Natalizumab has been demonstrated to be highly effective in reducing measures of disease activity, such as clinical relapse rate, and gadolinium (Gd)-enhancing and new or enlarging T2 lesions appearance in patients with relapsing remitting multiple sclerosis (RRMS). Up to date, no data on the effect of natalizumab on cortical pathology have been published. We studied the efficacy of natalizumab in preventing the accumulation of new cortical lesions (CL) in 35 RRMS patients treated for 1 year. While confirming the high impact of natalizumab in reducing the relapse rate (>90%, 85% relapse-free patients) and white matter (WM) pathology (80% patients free from new T2 WM lesions, 97% patients free from new T1 Gd-enhancing lesions), we found that this monoclonal antibody was highly effective in reducing the appearance of new CL (86% patients free from new CL). Our findings indicate a relevant activity of natalizumab against cortical inflammation in RRMS.

Cortical lesions and cognitive impairment in multiple sclerosis.

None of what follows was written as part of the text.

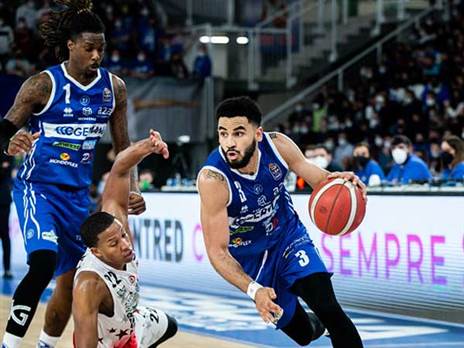 מיטרו לונג. יהפוך לשם מדובר (GETTY)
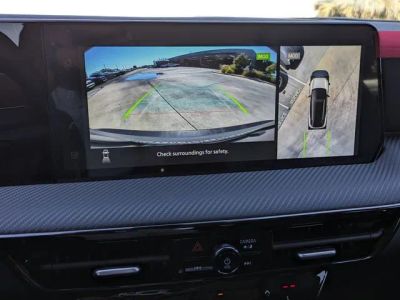 2026 Nissan Kicks — photo 23 view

Multiple sclerosis (MS) is a chronic inflammatory and degenerative disease of the central nervous system. In the last decade, pathological and magnetic resonance imaging (MRI) studies have shown that a significant portion of inflammatory lesions are located in the grey matter, especially in the cerebral cortex, of MS patients. Cortical inflammatory lesions (CL) can be demonstrated in vivo in MS patients by double inversion recovery (DIR) MRI sequence. Neuropsychological deficits constitute a major clinical aspect of MS, being demonstrated in a percentage ranging from 40 to 65% of patients, and have been shown to be associated with cortical demyelination and atrophy. Recent DIR studies in MS patients having different clinical forms of the disease have disclosed that CL burden not only correlates with the severity of physical disability, but is also one of the major structural changes associated with disease-related cognitive impairment.